To date, at least one hundred ninety-four cases of KCNQ2-related epilepsy have been reported with mutations distributed all over the gene leading to varying severity18,19. The functional study of the Kv7.2 channels may lead to a better understanding of the pathogenesis and disease severity, and may provide a guideline for treatments. Here, we report the clinical characteristics of nine patients with neonatal-onset seizures with KCNQ2 mutations. Experiments to elucidate their electrophysiological functional effects of two variants were performed.

Methodology

Patients and clinical data collection

The institutional review board of the Faculty of Medicine, Chulalongkorn University approved this study (IRB No. 264/62) which follows the Declaration of Helsinki Guidelines and all subsequent amendments. Written informed consents were obtained from parents or legal guardians of the participants. From June 2016 to December 2020, we studied 104 patients with infantile-onset pharmaco-resistant epilepsy, defined as failure of adequate trials of two antiepileptic drugs20 who underwent exome or genome sequencing at King Chulalongkorn Memorial Hospital. The cohort is described in the authors’ previous work21. Nine patients were found to harbor pathogenic or likely pathogenic variants in the KCNQ2 gene. The detailed demographic data and clinical characteristics were collected. The diagnosis of benign/self-limited neonatal epilepsy (OMIM#121200) or KCNQ2-related developmental and epileptic encephalopathy (DEE; OMIM#613720) weremade based on ILAE Classification and Definition of Epilepsy Syndromes with Onset in Neonates and Infants22,22.

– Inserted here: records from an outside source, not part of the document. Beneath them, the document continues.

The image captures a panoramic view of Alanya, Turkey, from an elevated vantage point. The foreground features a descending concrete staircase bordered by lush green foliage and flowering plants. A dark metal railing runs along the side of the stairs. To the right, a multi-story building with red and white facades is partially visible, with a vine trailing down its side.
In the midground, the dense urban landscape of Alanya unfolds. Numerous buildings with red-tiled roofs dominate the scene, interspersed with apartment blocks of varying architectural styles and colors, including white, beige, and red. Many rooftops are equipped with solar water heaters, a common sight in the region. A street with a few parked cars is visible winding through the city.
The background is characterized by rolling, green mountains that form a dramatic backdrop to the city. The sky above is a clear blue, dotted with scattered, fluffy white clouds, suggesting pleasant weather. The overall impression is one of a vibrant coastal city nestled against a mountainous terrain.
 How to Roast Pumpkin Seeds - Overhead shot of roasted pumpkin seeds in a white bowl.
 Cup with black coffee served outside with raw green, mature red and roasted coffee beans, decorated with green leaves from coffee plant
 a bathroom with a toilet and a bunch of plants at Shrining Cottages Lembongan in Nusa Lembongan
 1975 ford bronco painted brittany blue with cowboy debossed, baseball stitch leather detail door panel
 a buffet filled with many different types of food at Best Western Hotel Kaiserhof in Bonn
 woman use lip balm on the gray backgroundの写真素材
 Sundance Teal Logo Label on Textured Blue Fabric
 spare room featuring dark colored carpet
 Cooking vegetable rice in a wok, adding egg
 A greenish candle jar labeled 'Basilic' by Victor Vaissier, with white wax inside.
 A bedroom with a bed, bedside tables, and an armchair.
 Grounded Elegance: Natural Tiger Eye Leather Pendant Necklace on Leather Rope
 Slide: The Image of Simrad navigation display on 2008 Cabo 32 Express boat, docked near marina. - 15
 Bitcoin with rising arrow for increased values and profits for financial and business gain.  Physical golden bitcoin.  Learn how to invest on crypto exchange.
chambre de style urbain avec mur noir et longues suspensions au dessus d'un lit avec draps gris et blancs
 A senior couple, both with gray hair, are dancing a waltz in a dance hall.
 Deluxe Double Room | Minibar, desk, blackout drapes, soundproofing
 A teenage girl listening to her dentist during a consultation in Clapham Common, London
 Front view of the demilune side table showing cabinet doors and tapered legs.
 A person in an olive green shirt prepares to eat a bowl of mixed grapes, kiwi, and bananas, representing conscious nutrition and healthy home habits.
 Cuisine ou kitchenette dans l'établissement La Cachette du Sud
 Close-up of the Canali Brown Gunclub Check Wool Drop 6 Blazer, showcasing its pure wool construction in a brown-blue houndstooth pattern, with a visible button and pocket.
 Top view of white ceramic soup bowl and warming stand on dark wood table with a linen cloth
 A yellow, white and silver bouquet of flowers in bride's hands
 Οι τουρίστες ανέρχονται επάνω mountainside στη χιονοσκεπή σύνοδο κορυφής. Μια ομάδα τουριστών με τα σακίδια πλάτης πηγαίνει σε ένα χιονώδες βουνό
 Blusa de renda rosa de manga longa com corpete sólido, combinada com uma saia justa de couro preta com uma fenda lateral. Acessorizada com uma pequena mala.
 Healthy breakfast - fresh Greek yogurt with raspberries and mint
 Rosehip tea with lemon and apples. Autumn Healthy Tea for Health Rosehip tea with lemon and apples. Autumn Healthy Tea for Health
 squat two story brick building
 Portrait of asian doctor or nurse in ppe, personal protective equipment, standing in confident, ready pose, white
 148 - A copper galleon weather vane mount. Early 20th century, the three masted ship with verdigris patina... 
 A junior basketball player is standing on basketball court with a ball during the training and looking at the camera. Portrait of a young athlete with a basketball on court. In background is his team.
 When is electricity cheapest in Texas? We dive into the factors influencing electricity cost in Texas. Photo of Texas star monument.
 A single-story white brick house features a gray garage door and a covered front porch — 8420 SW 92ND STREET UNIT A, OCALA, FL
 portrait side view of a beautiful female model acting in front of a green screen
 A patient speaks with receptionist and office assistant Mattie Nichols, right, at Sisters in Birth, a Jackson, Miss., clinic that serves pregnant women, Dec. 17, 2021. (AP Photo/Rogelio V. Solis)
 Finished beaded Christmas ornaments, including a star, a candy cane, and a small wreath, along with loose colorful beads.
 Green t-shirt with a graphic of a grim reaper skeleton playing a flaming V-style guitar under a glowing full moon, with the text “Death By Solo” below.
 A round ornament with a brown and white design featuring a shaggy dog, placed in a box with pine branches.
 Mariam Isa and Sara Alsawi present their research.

Exome, genome sequencing, bioinformatics and variant prioritization

Trio exome or genome was performed for all nine families. Genomic DNA was isolated from peripheral blood leucocytes. For exome sequencing, the DNA was enriched by SureSelect Human All Exon V5 kits (Agilent Technologies, Santa Clara, CA) and sent to Macrogen Inc., Seoul, South Korea. Illumina HiSeq 2000 Sequencer was used with a target output of 6 GB. For genome sequencing, DNA was sent to Beijing Genomics Institute (BGI), China. Sequence reads in FASTQ sequencing files were aligned to the Human Reference Genome hg19 from UCSC using Burrows-Wheeler Alignment (BWA) software (http://bio-bwa.sourceforge.net/). Single nucleotide variants (SNVs) and small insertions/ deletions (indels) were detected by GATK Haplotypecaller and annotated by dbSNP&1000G.

A list of 728 genes associated with Genetic Epilepsy Syndrome according to Genomics England PanelApp Version 2.2 (https://nhsgms-panelapp.genomicsengland.co.uk/panels/402/v2.2) were used for the first step of analysis. The analysis included gene list outside the “green entities" with high levels of evidence for disease association. In silico analysis including SIFT (http://sift.jcvi.org/); Polyphen-2, (http://genetics.bwh.harvard.edu/pph2/); M-CAP (http://bejerano.stanford.edu/mcap/); CADD (https://cadd.gs.washington.edu/); recommended pathogenicity threshold > 20) were also used to predict variants’ pathogenicity. Variants were considered novel if they were not previously reported in Genome Aggregation Database (gnomAD V3.1.2; https://gnomad.broadinstitute.org/), ClinVar (https://www.ncbi.nlm.nih.gov/clinvar/), not documented in PubMed scientific literature, and were not identified in our in-house Thai reference exome database (T-REx)23. Variants were classified according to the recommendation of American College of Medical Genetics and Genomics (ACMG)24.

Plasmid construction, protein expression and localization in HEK293 cells

pcDNA3.1 + /KV7.2-DYK (#NM_004518.6) and pcDNA3.1 + /KV7.3-DYK (# NM_004519.4) were synthesized by Genscript (Piscataway, New Jersey, USA). cDNAKv7.2 was subcloned into the pcDNA3.1/CT-GFP-TOPO Vector (Invitrogen, Waltham, Massachusetts, USA), resulting in a C-terminal GFP, used to identify transfected cells. The two novel mutations, c.774C > G p.(N258K) and c.836G > A p.(G279D), were introduced using QuikChange site-directed mutagenesis kit (Agilent Technologies, Santa Clara, California, USA). Mutagenic primers are listed in Supplemental Table S1. All plasmids were verified using Sanger sequencing.

HEK 293 cells were transiently transfected with 2.5 μg of either wild-type, p.(N258K), or p.(G279D) Kv7.2 for homotetrameric experiments using Lipofectamine 3000 (Invitrogen). For heterotetrameric experiments, different types of Kv7.2 were co-transfected with wild-type Kv7.3 (wild-type Kv7.2/Kv7.3, p.(N258K) Kv7.2/Kv7.3, p.(G279D) Kv7.2/Kv7.3, wild-type Kv7.2/p.(N258K) Kv7.2/Kv7.3, wild-type Kv7.2/p.(G279D) Kv7.2/Kv7.3) at a 1:1 ratio (1.25g: 1.25g) or 1:1:2 ratio (0.625g: 0.625 g: 1.25 g) and assayed 48- or 72- hours post transfection.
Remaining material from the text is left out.